Shevchuk in Finnish
DDT frontman Yury Shevchuk goes to Finland with a concert, a rap and a new book. DDT’s upcoming concert in Helsinki will be more intimate than usual, with Shevchuk reciting poetry between the songs.
Published: April 10, 2013 (Issue # 1754)
Yury Shevchuk, the singer and songwriter with arguably Russia’s leading rock band DDT, is becoming more of a household name in Finland, as his songs and poetry will be published in Finnish to coincide with his band’s concert in Helsinki later this month.
The collection – “Every Spring I Die” (Joka kevät minä kuolen) – is named after a quote from Shevchuk’s song “Tenderness” (Nezhnost) from DDT’s most recent album “Otherwise” (Inache). “Every spring I die, from the strict fasting,” it goes.

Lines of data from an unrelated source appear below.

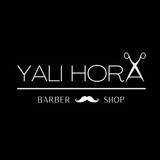 Yali Hora icon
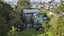 60 Palmerston Road, Birkenhead, Auckland - Carousel 4
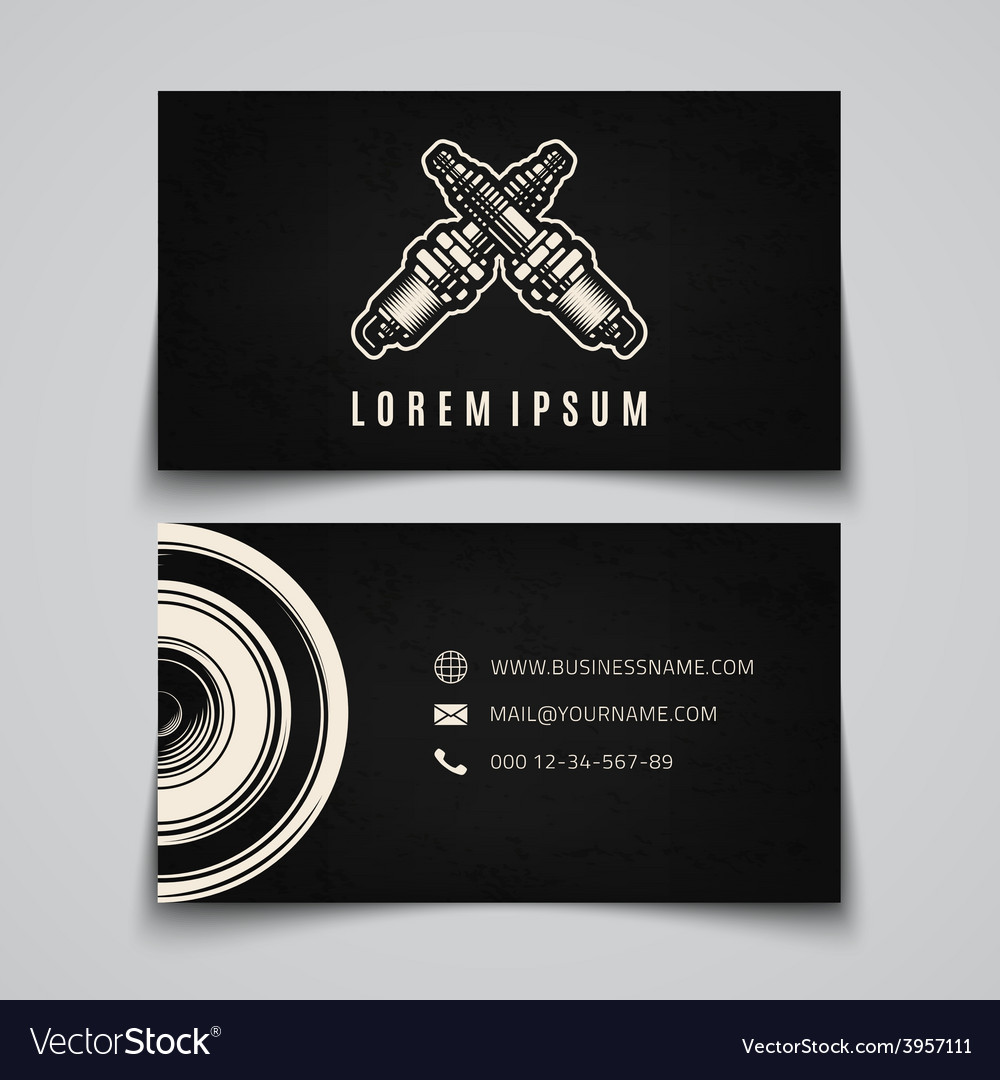 1000x1080 Frees Card Templates Vector Illustrator Layout Downloads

Translated by Finnish author Tomi Huttunen, the book is based on Shevchuk’s Russian collection of lyrics and poetry called “Solo” (Solnik), which was published by Novaya Gazeta in 2009, but more recent material – mainly selected lyrics from “Otherwise” – has been added.

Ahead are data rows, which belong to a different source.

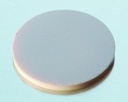 [9209440] Gaskets and pouring rings, Typ e Gasket , Neck thr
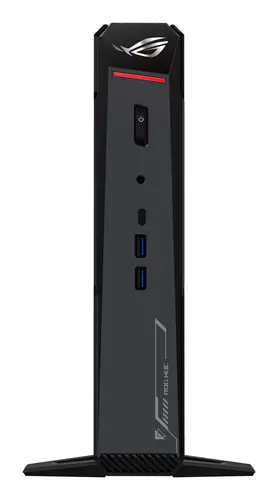 ASUS RNUC15JNK9X48AAU, image 4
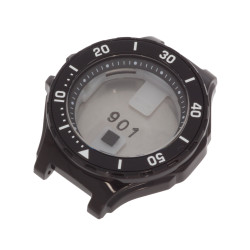 ORYGINALNA KOPERTA CASIO...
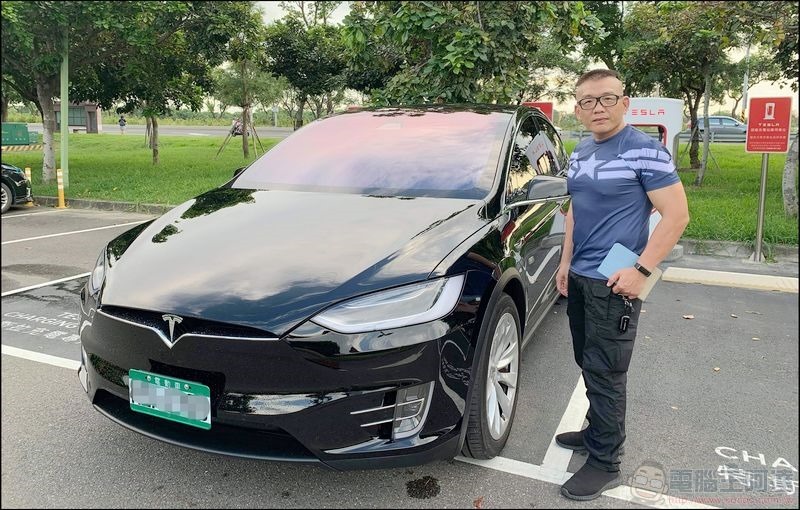 特斯拉歐洲廠 Gigafactory 4 地點確認為德國柏林 - 電腦王阿達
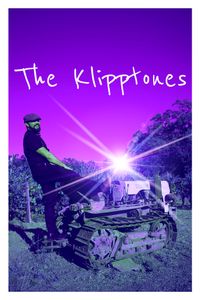 The Klipptones @ the Ramp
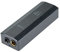 iFi GO Bar – Ultraportable DAC/Vorverstärker/Kopfhörerverstärker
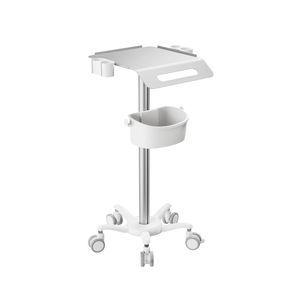 carrello medico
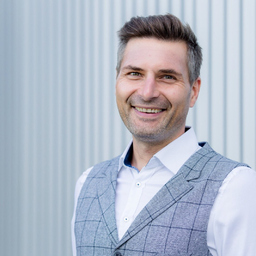 Timo Bölstler's profile picture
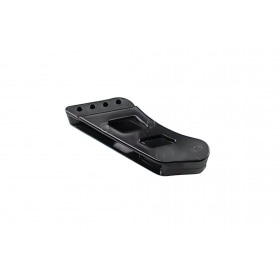 Chain Guide - original Rieju 50cc / 125cc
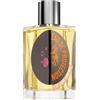 Etat Libre d'Orange Eau De Protection 100 ml - Profumi unisex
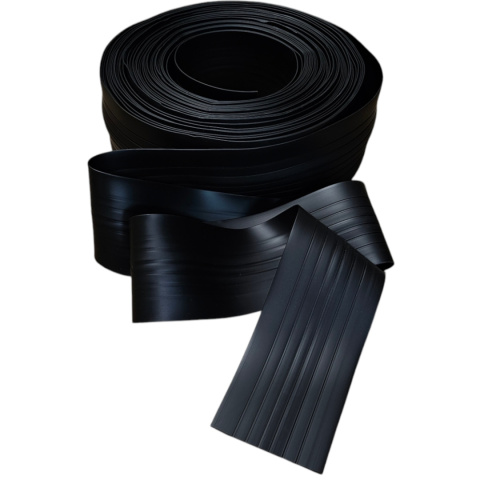 Untitled product Untitled product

The work is a follow-up to a book about St. Petersburg rock music that Huttunen published last year.
Called “Pietari on Rock” (a pun that can be roughly translated as “St. Petersburg Means Rock”), the book was furnished with an appendix of selected Russian rock lyrics both in Russian and Finnish, including those by Shevchuk.

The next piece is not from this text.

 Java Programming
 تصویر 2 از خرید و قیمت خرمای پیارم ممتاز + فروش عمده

Huttunen – the University of Helsinki’s acting professor of Russian literature, whose academic interests are focused on the early 20th-century Russian avant-garde – said the literature-centered St. Petersburg rock music of the 1980s had been his other longtime interest since the era of perestroika and the Russian rock revolution.
Unlike the bombastic “Otherwise” set that DDT took to Finland last year, the upcoming Helsinki concert will be DDT’s alternate set, “Solo.” Though it features DDT’s full band, it is more intimate and poetic, with Shevchuk reciting his poetry between the songs.
The collection will be out by the date of the concert, at which it will be available for a nominal price.
“Alongside [Akvarium’s Boris] Grebenshchikov, Shevchuk is one of the authors in Russian rock who should be seen as serious poets and whose work deserves to be published as literature,” Huttunen said.
“This is what happens to Finnish rock poets such as Tuomari Nurmio and Ismo Alanko, whose songs were published as poetry collections. So there is a certain parallel between Russian and Finnish rock poetry.
“On the other hand, Shevchuk can be understood by the Finnish reader; I think this is quality poetry, which is accessible in translation. He has both love poems and social poems that tell us about the pressing issues of today.